The university council cited safety issues resulting from the Pillar of Shame statue's "fragile" state as well as potential legal risks facing the university under the city's crime ordinance, adding the sculpture would be put into storage.

The statue has stood on the university campus since 1999, after it was brought into Hong Kong just before the former British colony's return to Chinese rule in July 1997.

Students hold a memorial event in front of the "Pillar of Shame" sculpture at the University of Hong Kong in Hong Kong, China on June 4, 2021. (Kyodo)
The statue's treatment had become a point of contention after campus chiefs in October issued a formal removal request based on what they said was the "latest risk assessment and legal advice."

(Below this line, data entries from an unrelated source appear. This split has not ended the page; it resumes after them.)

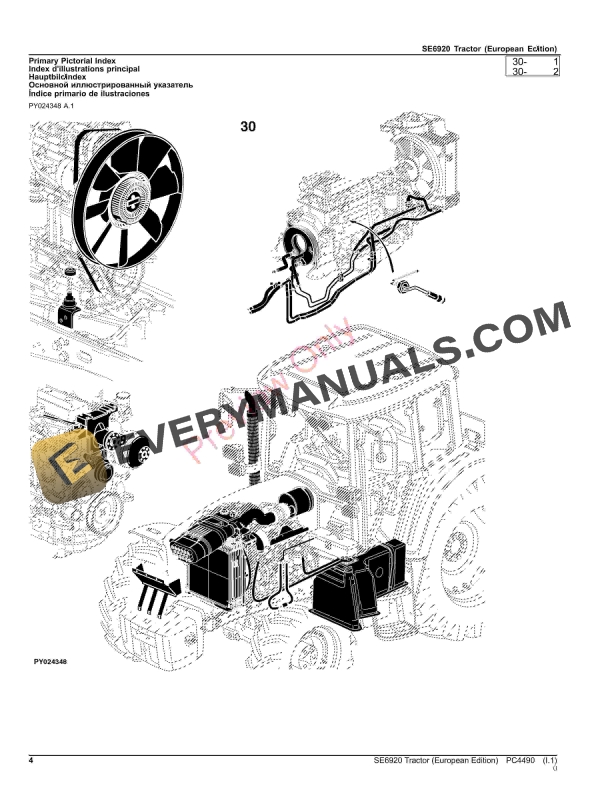 John Deere SE6920 TRACTOR Parts Catalog PC4490 26NOV23 5 John Deere SE6920 TRACTOR Parts Catalog PC4490 26NOV23-4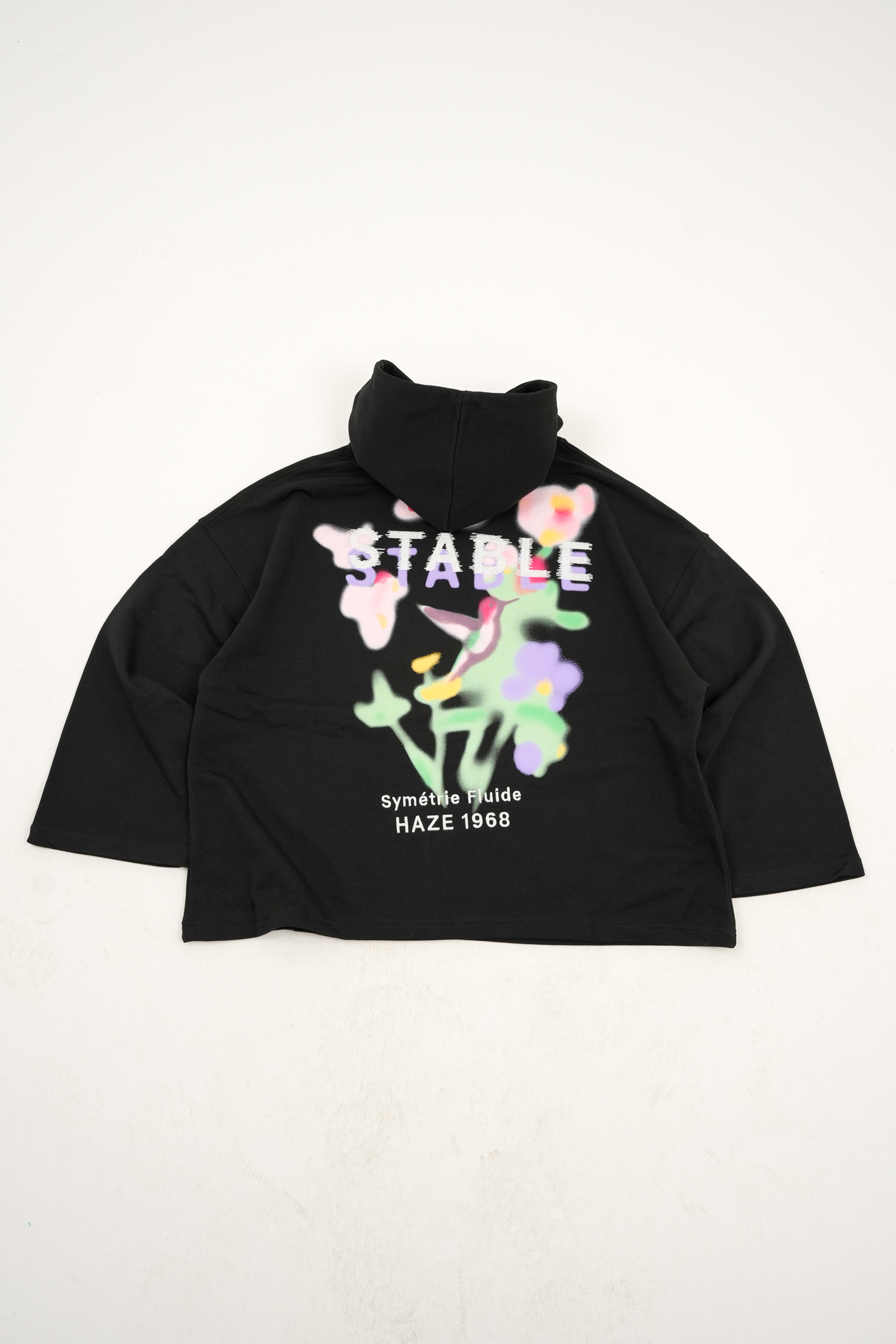 Stable Reglan Kol Bol Kesim Hoodie - Siyah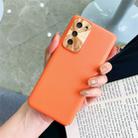 For Huawei P40 All-Inclusive Pure Prime Skin Plastic Case with Lens Ring Protection Cover(Orange) - 1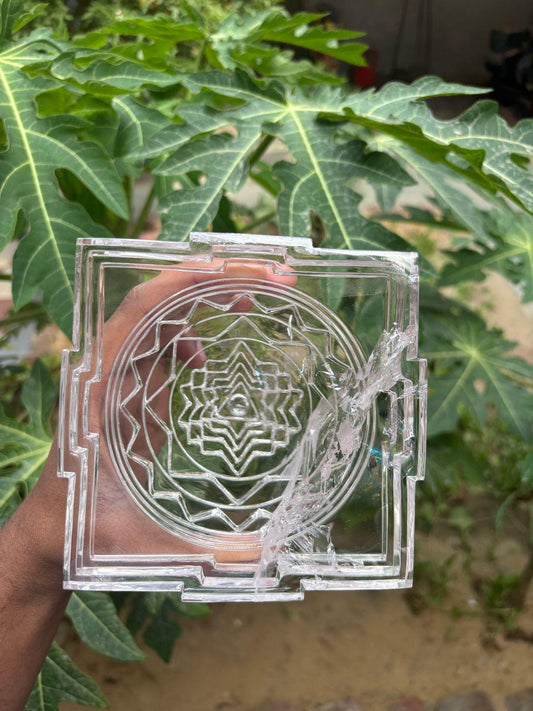 Clear Crystal Sri Yantra | Sacred Geometry Vastu Pyramid for Positive Energy, Meditation & Prosperity | Handmade Spiritual Decor Gift
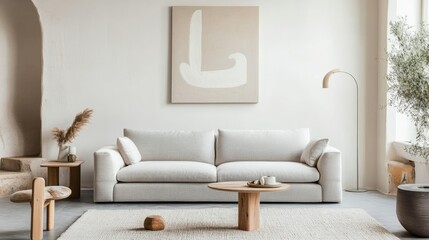 Scandinavian minimalist living room with a gray sofa, neutral decor, light wooden furniture, and a bright, spacious ambiance
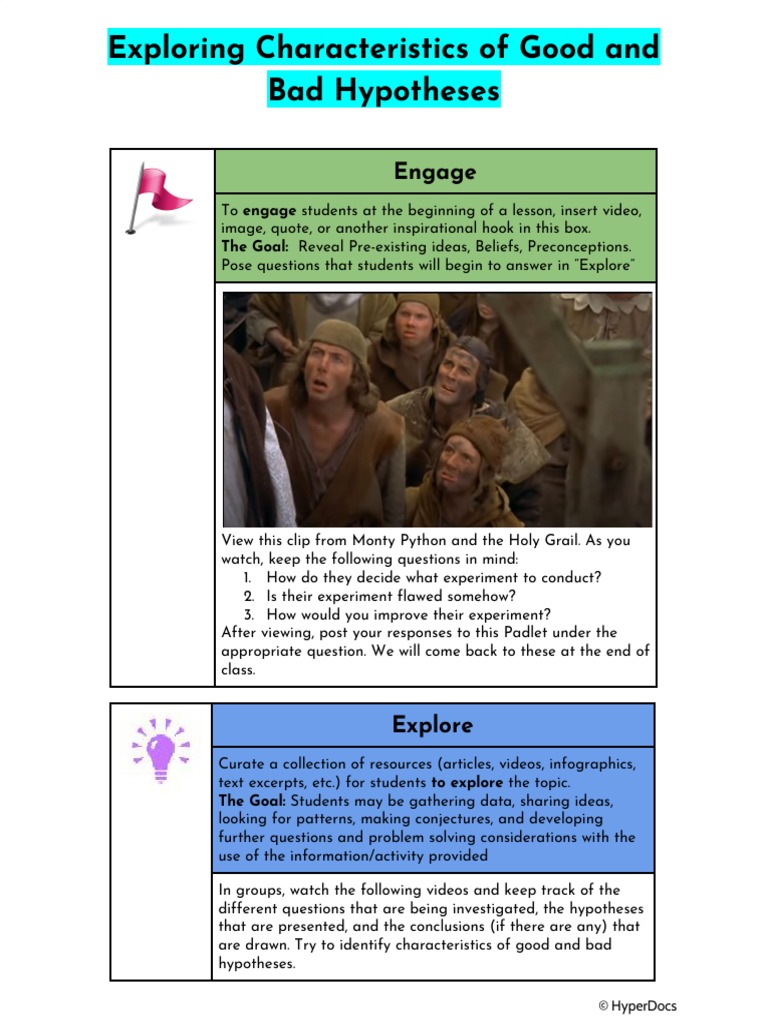 Inquiry-Based Lesson Plan - Hypotheses | PDF | Hypothesis | Experiment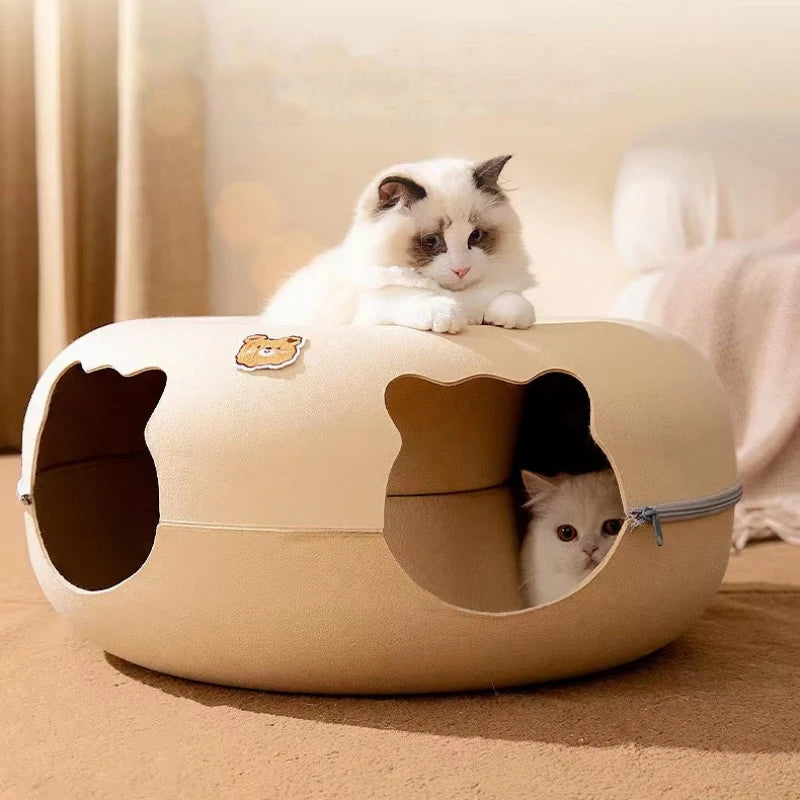 Interactive Cat Toy: Cartoon-shaped, felt tunnel, removable donut, kitten entertainment.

Created by Danish sculptor Jens Galschiot, the 8-meter-tall sculpture depicts a pile of corpses symbolizing those killed in the Tiananmen crackdown on student protesters. After a Beijing-imposed national security law went into force in June 2020, Galschiot offered to return the statue to Denmark but was unsuccessful.

Workers remove part of a statue by Danish artist Jens Galschiot commemorating those killed in the 1989 Tiananmen Square crackdown from the University of Hong Kong's campus on Dec. 23, 2021 in Hong Kong, China. (Getty/Kyodo)


The tribute's removal comes amid Beijing's continued efforts to crack down on dissent and curtail freedoms in the city following the implementation of the law, which criminalizes acts of secession, subversion, terrorism and collusion with foreign forces.

Earlier this month, the city's District Court sentenced eight pro-democracy figures to prison for their involvement last year in an annual vigil commemorating the 1989 Tiananmen Square protests.